Aim of the task: Exclude the pictures. Transcribe exactly, and only, the lines from the one holding "Los consejeros Mayte" to the end of the material below.

Stored data:
# # # # #

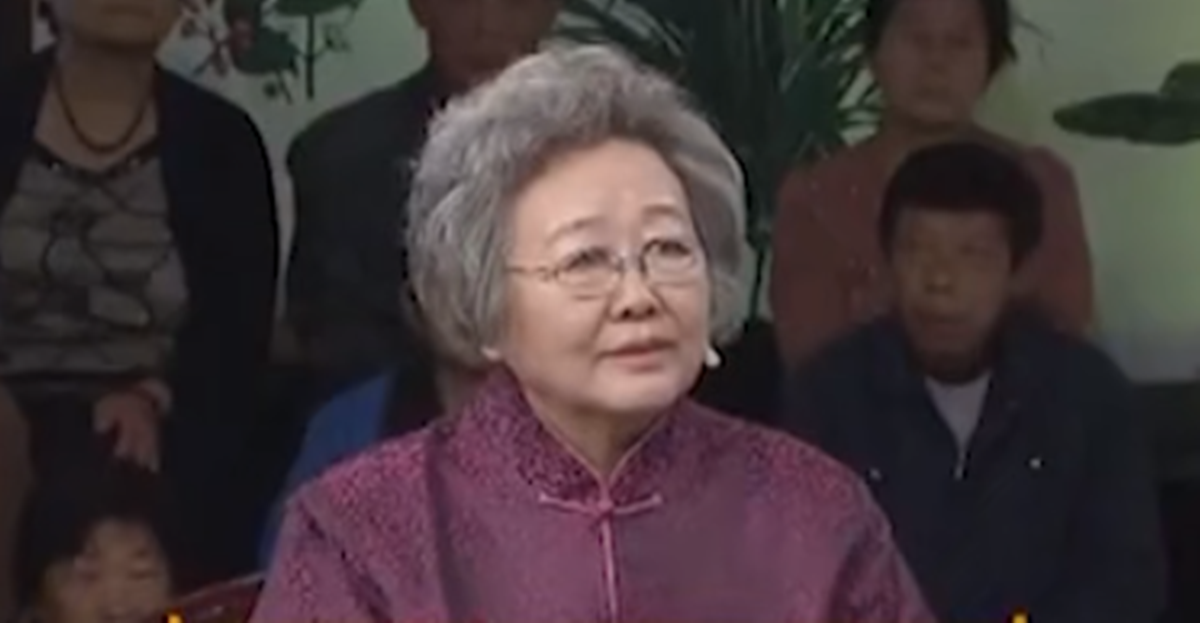 她被包装成“神医”，3年换9个身份，捞金80亿，专骗老年人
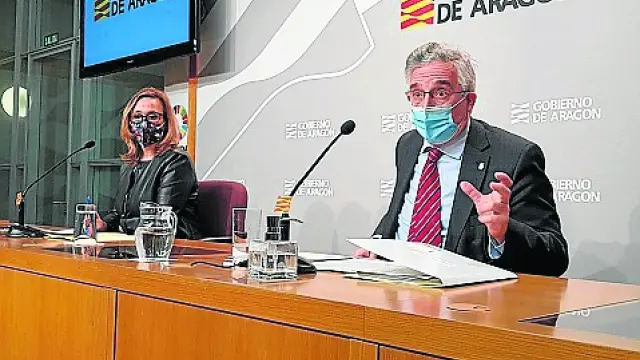 Los consejeros Mayte Pérez y Joaquín Olona, este miércoles, tras el Consejo de Gobierno.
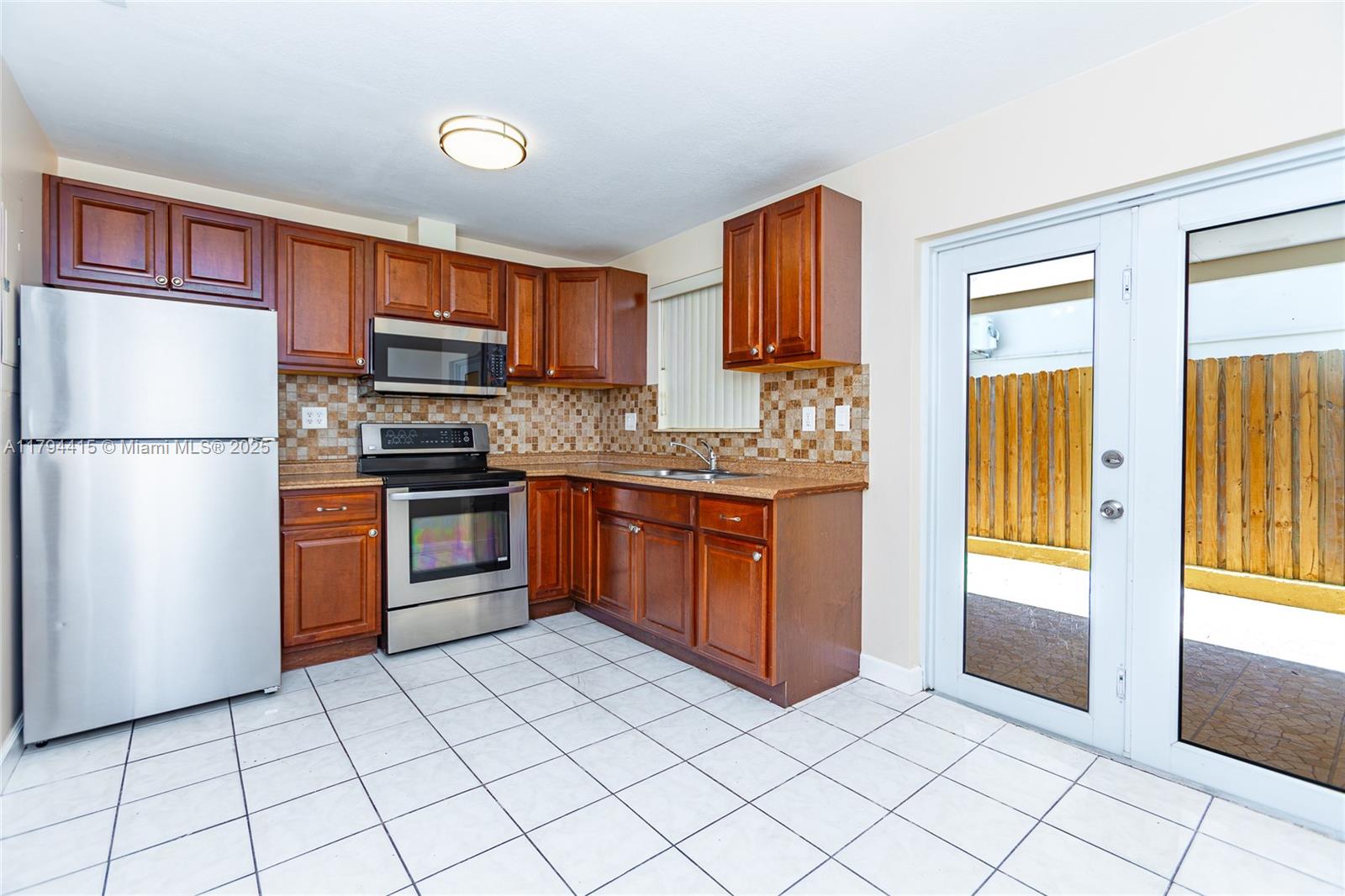 1613 NW 16 ST CONDO - Residential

# # # # #

Response to the exercise:
 Los consejeros Mayte Pérez y Joaquín Olona, este miércoles, tras el Consejo de Gobierno.
 1613 NW 16 ST CONDO - Residential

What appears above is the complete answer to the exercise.